Marcin Orliński

Marcin Orliński Wicenaczelny,
„Przekrój”

Temat: Klaps jako metoda wychowawcza?

"Najgorsze jest to, że bite dzieci nabierają przekonania, że to sprawiedliwe, że im się należało. Dziecko nie może żyć z przekonaniem, że jego rodzic jest okrutny. W pierwszej chwili pomyśli: 'Mama jest okropna', ale potem zacznie ją usprawiedliwiać. I to jest groźne dla jego psychiki. Dziecko, które często dostaje klapsy, zaczyna przeżywać różne uczucia. Żal, smutek może wyrazić płaczem, ale złości na tego, kto bije, już nie. Złość jest powściągana, spychana gdzieś głęboko. I z tą złością dziecko żyje. Co się może dziać dalej? Może wyrosnąć na kogoś, kto będzie bił słabszych, prowokował konflikty z rówieśnikami, bo ta złość będzie potrzebowała ujścia. A gdy dorośnie, będzie dawać klapsy swoim dzieciom".

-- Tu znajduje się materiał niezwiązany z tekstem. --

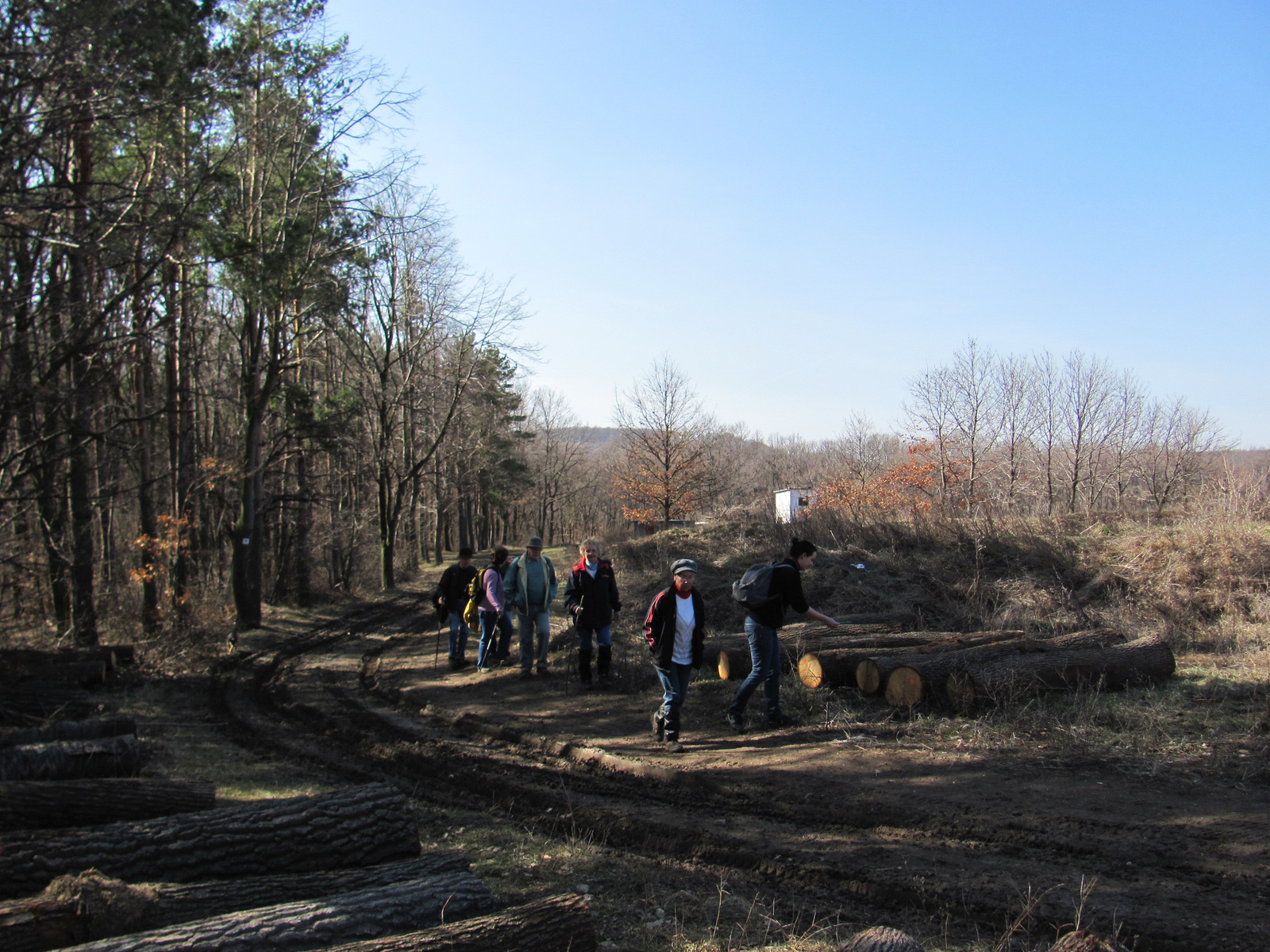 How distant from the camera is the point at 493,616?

"Często dostaję listy od rodziców, którzy są zaskakująco bezradni. Trzylatek chodzi z butelką, ma próchnicę, zęby mu krzywo rosną. A gdzie są jego rodzice, którzy powinni wyrzucić butelkę już rok temu? Prawdopodobnie trudno im wytrzymać płacz, protest dziecka, więc godzą się na ten absurd. Tymczasem dziecko traci poczucie bezpieczeństwa, jeżeli żyje wśród dorosłych, którzy są bezradni. A im bardziej jesteśmy bezradni, tym częściej dajemy dziecku klapsy".

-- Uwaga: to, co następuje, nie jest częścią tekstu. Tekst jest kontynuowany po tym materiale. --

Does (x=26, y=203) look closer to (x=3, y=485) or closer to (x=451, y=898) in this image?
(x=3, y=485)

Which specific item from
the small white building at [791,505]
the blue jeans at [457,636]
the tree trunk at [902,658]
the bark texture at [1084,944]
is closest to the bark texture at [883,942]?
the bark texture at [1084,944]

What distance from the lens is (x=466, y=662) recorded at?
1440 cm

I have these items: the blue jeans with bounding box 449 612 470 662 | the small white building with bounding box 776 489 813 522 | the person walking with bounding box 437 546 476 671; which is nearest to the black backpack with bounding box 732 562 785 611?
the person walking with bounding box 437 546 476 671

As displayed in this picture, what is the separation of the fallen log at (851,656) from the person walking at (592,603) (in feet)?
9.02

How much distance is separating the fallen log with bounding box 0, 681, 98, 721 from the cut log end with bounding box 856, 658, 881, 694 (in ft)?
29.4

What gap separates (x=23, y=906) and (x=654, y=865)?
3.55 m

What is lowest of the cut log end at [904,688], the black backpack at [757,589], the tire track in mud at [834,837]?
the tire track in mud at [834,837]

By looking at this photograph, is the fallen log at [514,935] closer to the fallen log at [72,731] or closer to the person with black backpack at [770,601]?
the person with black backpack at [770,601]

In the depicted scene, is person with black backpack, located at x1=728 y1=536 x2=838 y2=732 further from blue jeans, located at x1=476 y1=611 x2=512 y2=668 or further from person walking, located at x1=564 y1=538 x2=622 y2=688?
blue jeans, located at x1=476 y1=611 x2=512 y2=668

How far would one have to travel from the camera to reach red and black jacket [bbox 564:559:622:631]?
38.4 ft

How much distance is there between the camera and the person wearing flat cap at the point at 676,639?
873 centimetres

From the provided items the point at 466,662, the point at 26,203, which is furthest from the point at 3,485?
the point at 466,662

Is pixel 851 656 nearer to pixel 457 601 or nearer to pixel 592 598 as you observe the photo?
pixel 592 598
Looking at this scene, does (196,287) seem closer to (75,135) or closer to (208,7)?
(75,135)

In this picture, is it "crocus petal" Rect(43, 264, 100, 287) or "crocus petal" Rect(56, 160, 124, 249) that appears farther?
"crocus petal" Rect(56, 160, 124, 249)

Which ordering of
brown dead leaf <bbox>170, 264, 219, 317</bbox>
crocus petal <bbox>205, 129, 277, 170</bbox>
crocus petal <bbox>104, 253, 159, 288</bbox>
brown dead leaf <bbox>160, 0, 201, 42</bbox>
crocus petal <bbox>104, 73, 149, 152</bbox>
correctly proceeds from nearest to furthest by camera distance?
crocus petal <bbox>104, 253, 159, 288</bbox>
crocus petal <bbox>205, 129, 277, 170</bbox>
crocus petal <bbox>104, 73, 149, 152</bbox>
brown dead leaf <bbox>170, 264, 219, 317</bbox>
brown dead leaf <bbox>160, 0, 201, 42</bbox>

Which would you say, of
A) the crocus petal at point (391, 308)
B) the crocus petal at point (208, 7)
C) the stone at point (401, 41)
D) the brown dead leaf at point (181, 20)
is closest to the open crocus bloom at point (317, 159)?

"Uderzenia nie zawsze muszą być fizyczne. Słowa też mogą ranić. Nierzadko dziecko, i to całkiem małe, słyszy w domu, że jest głupie, jest debilem, niedobrym dzieckiem. Jeśli często słyszy takie rzeczy, nic dziwnego, że później ma poczucie małej wartości, z którego potem trzeba się leczyć latami".

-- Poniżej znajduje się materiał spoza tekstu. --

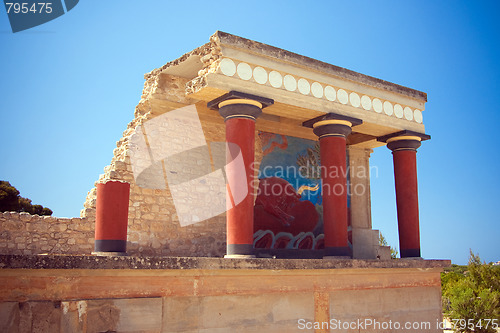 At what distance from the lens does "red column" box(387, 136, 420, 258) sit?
10172mm

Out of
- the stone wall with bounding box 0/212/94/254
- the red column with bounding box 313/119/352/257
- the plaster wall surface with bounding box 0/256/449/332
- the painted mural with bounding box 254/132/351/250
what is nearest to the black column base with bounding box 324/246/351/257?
the red column with bounding box 313/119/352/257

Więcej: eDziecko.plMarcin Orliński edytował(a) ten post dnia 16.07.08 o godzinie 12:16
Andrzej Góralczyk

Andrzej Góralczyk Poprawiam
przedsiębiorstwa.
Właściciel portalu
Dyrekcja.pl

Temat: Klaps jako metoda wychowawcza?

Skąd biorą się te dziwne teorie dziecka?

konto usunięte

Temat: Klaps jako metoda wychowawcza?

Andrzej Góralczyk:
Skąd biorą się te dziwne teorie dziecka?

Nie rozumiem pytania :)
Andrzej Góralczyk

Andrzej Góralczyk Poprawiam
przedsiębiorstwa.
Właściciel portalu
Dyrekcja.pl

Temat: Klaps jako metoda wychowawcza?

Cała cytowana wypowiedź jest pełna teorii w jaki sposób dziecko zareaguje na klapsa, co sobie pomyśli, co w sobie stłumi.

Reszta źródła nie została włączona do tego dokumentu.